Work instructions:
Leave out the pictures and repeat the data exactly.

Data extracts:
+++
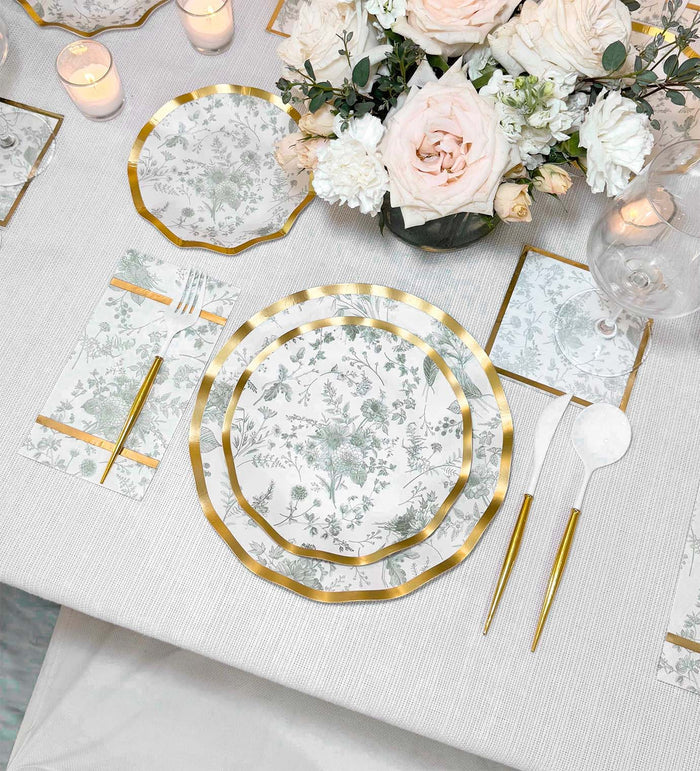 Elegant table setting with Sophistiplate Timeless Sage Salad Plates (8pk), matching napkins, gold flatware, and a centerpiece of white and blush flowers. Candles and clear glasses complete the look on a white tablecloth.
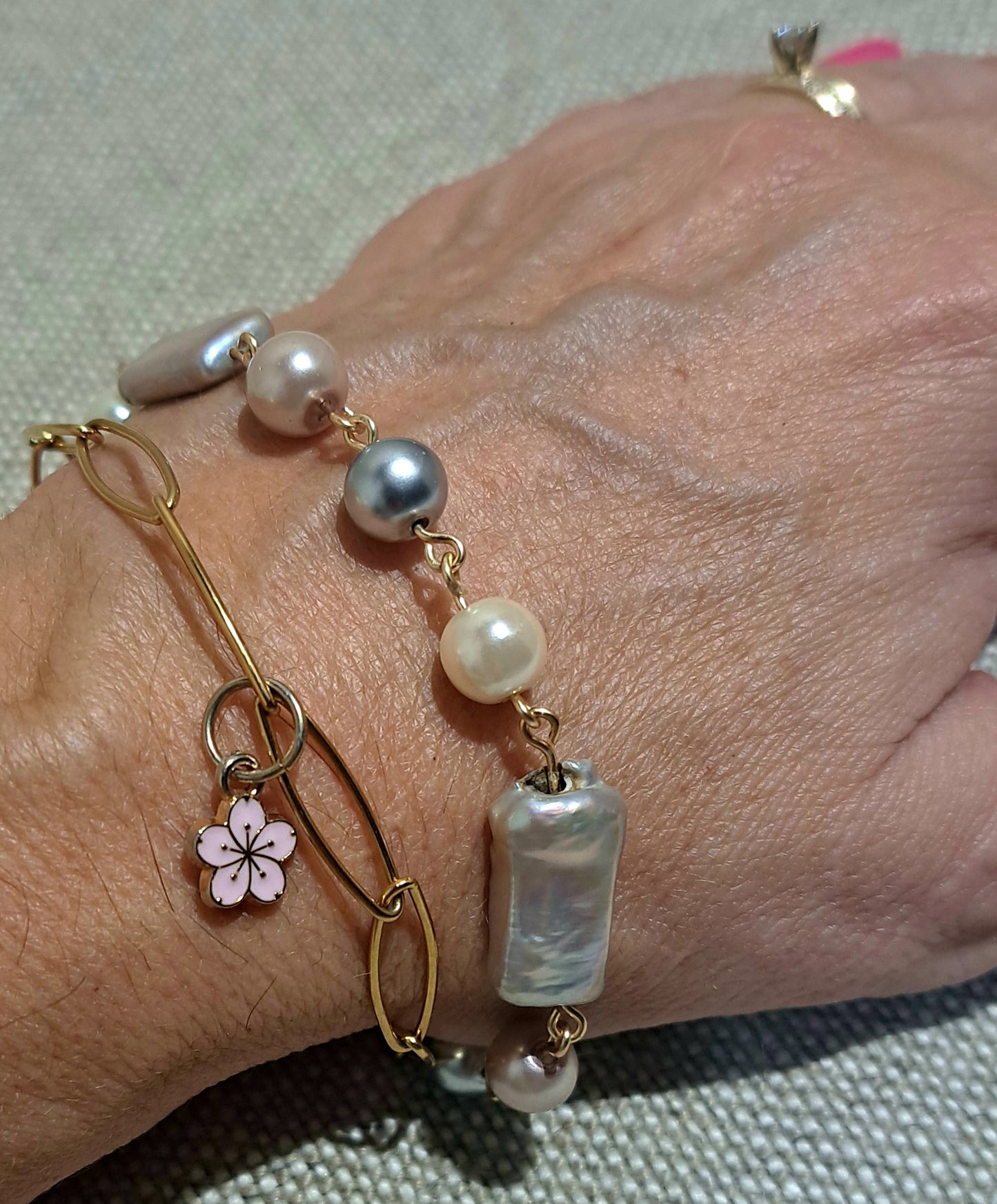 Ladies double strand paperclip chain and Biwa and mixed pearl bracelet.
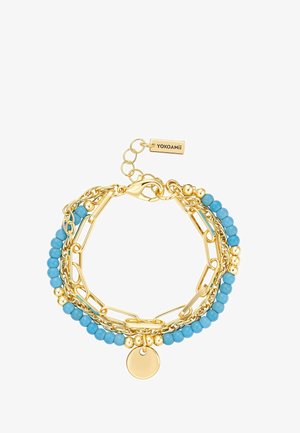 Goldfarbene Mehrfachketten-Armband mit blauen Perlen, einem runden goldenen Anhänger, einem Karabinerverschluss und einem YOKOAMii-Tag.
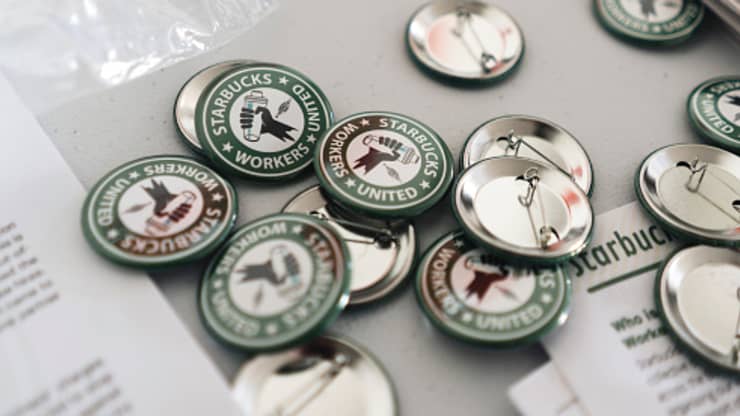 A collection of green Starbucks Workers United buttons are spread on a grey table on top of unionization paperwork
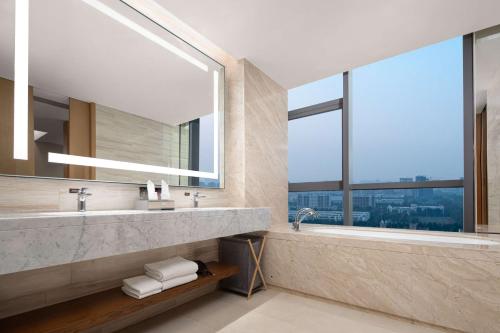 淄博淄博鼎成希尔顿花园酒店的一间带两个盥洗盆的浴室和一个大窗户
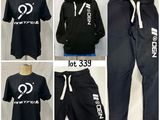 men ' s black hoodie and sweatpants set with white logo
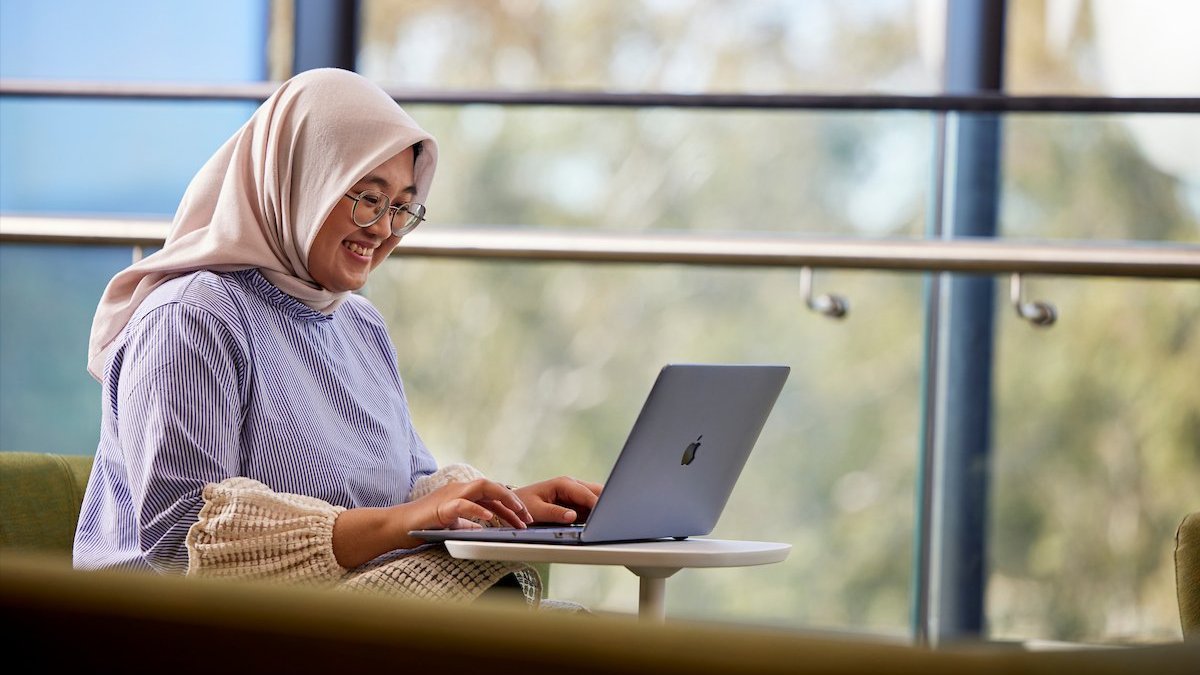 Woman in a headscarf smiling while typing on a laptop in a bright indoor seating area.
+++
Response:
 Elegant table setting with Sophistiplate Timeless Sage Salad Plates (8pk), matching napkins, gold flatware, and a centerpiece of white and blush flowers. Candles and clear glasses complete the look on a white tablecloth.
 Ladies double strand paperclip chain and Biwa and mixed pearl bracelet.
 Goldfarbene Mehrfachketten-Armband mit blauen Perlen, einem runden goldenen Anhänger, einem Karabinerverschluss und einem YOKOAMii-Tag.
 A collection of green Starbucks Workers United buttons are spread on a grey table on top of unionization paperwork
 淄博淄博鼎成希尔顿花园酒店的一间带两个盥洗盆的浴室和一个大窗户
 men ' s black hoodie and sweatpants set with white logo
 Woman in a headscarf smiling while typing on a laptop in a bright indoor seating area.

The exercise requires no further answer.